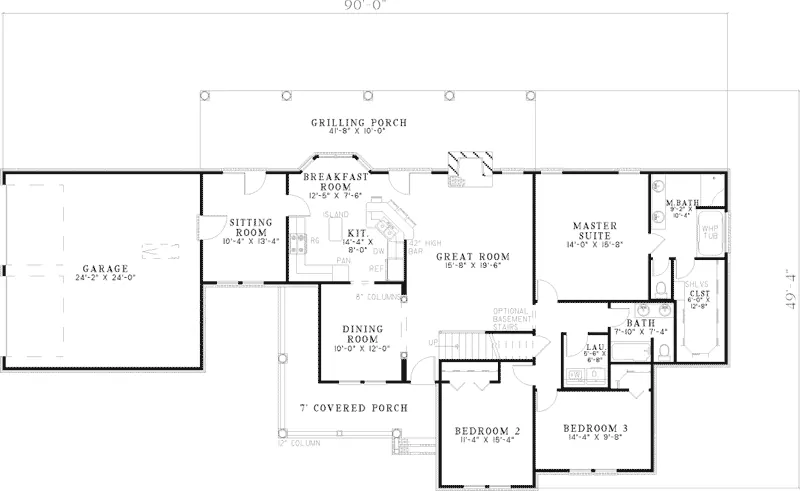 Ranch House Plan First Floor - Shiloh Woods Ranch Home 055D-0591 - Shop House Plans and More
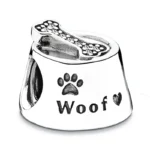 New 925 Sterling Silver "Friend Dog Mom Woof" Pet Charm - DIY Dangle Beads | Fits Original Pandora Bracelet | Fashionable Women's Jewelry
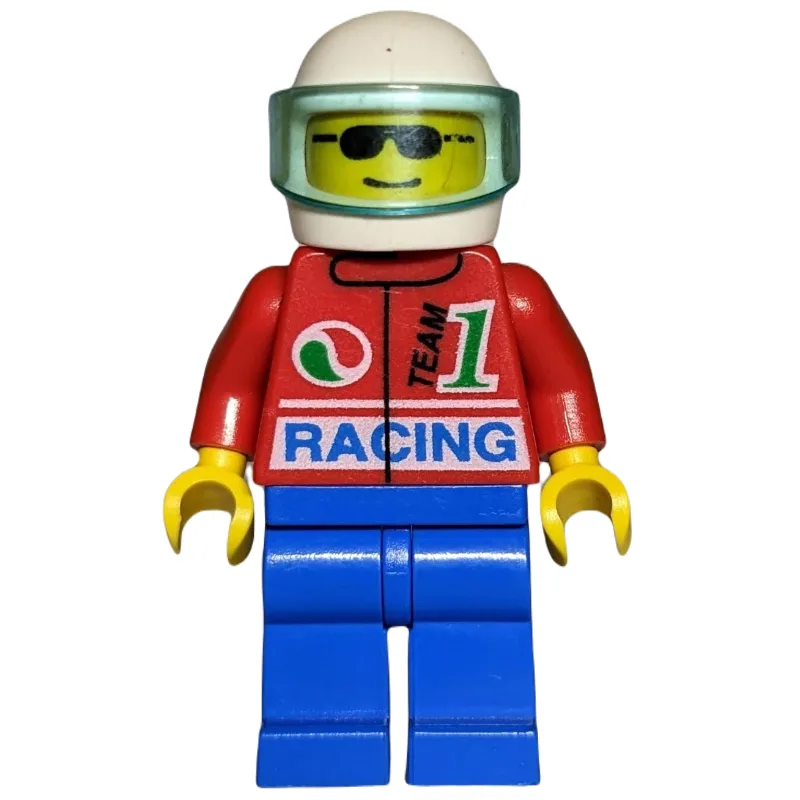 Racer - Octan, Red Torso, Blue Legs, White He… — minifigurine LEGO | Brick Broker
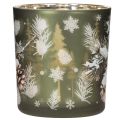 Glass tealight holder with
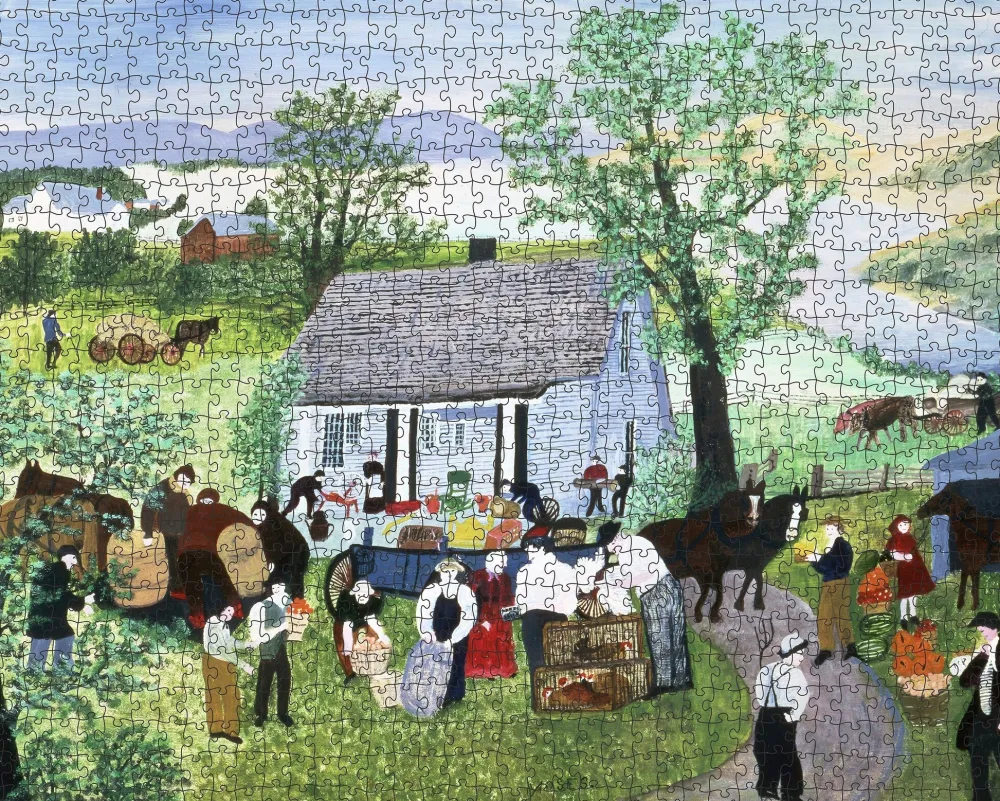 Pomegranate Grandma Moses: Moving Day on the Farm 1000-Piece Puzzle- Games & Puzzles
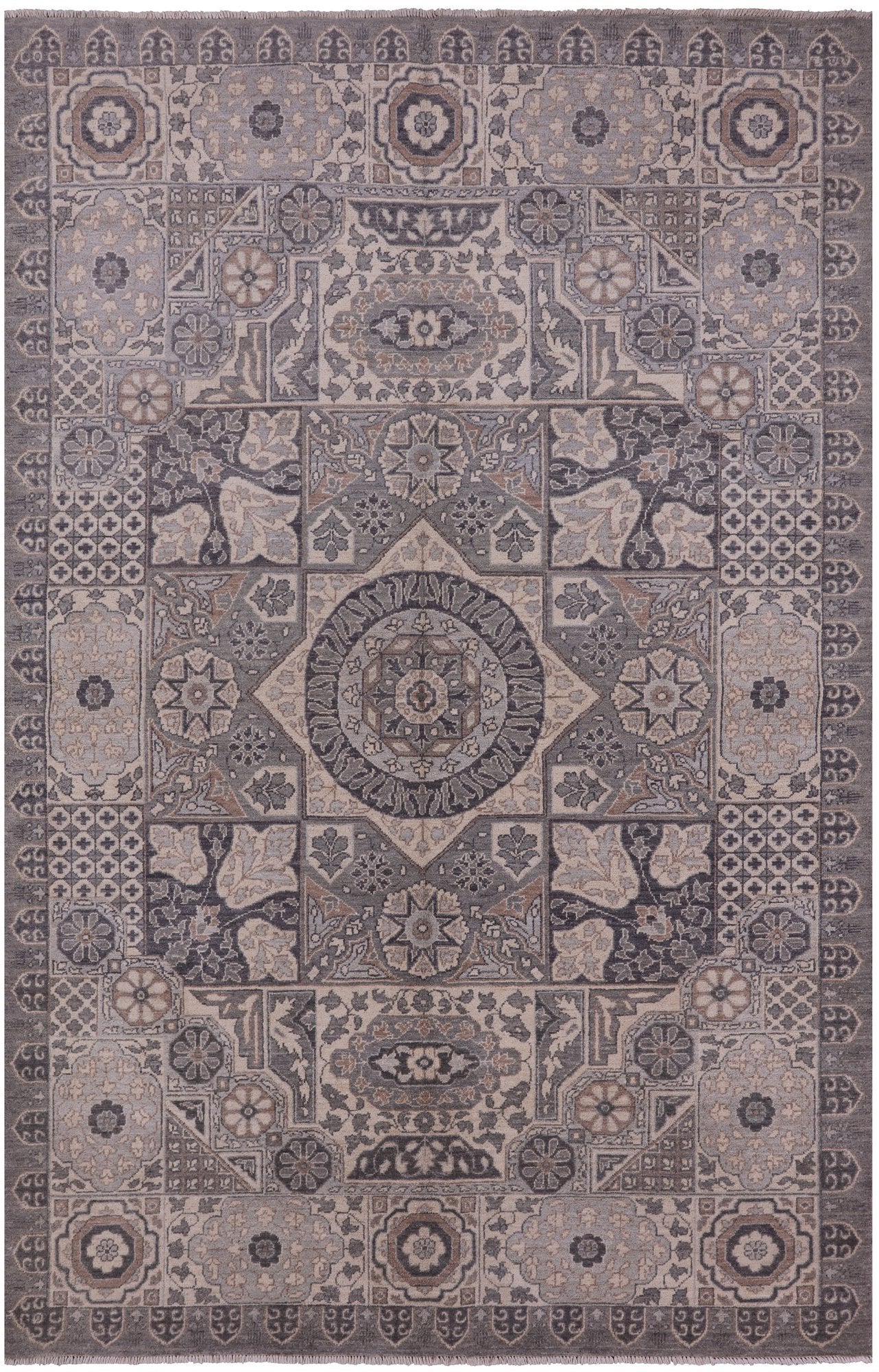 Grey Geometric Persian Mamluk Hand Knotted Wool Rug - 5' 10" X 8' 10" - Golden Nile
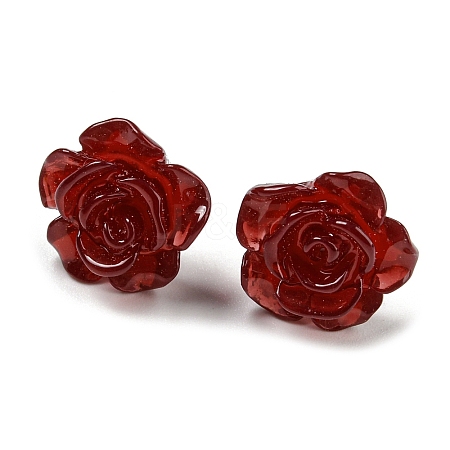 Resin Rose Flower Stud Earrings with 316 Stainless Steel Pins EJEW-D070-01C-1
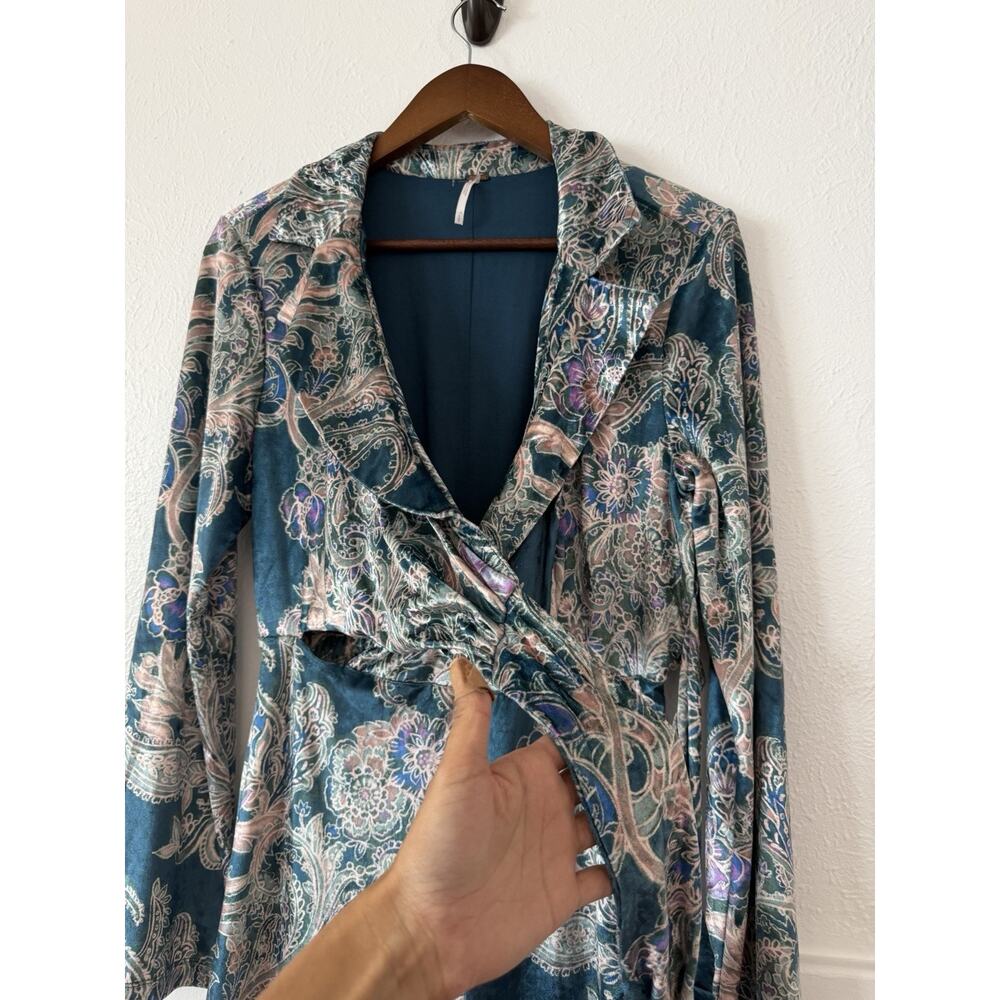 NEW Free People Velvet Paisley Jumpsuit S Boho Luxe Wide Leg Wrap Tie Front - Picture 7 of 13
++++++++++++++++++++
▶ TASK GOAL
Starting with the line that holds "New 925 Sterling", repeat exactly every line through the end of the material above, both ends included, without the pictures.

▶ ANSWER FOR THIS EXERCISE
 New 925 Sterling Silver "Friend Dog Mom Woof" Pet Charm - DIY Dangle Beads | Fits Original Pandora Bracelet | Fashionable Women's Jewelry
 Racer - Octan, Red Torso, Blue Legs, White He… — minifigurine LEGO | Brick Broker
 Glass tealight holder with
 Pomegranate Grandma Moses: Moving Day on the Farm 1000-Piece Puzzle- Games & Puzzles
 Grey Geometric Persian Mamluk Hand Knotted Wool Rug - 5' 10" X 8' 10" - Golden Nile
 Resin Rose Flower Stud Earrings with 316 Stainless Steel Pins EJEW-D070-01C-1
 NEW Free People Velvet Paisley Jumpsuit S Boho Luxe Wide Leg Wrap Tie Front - Picture 7 of 13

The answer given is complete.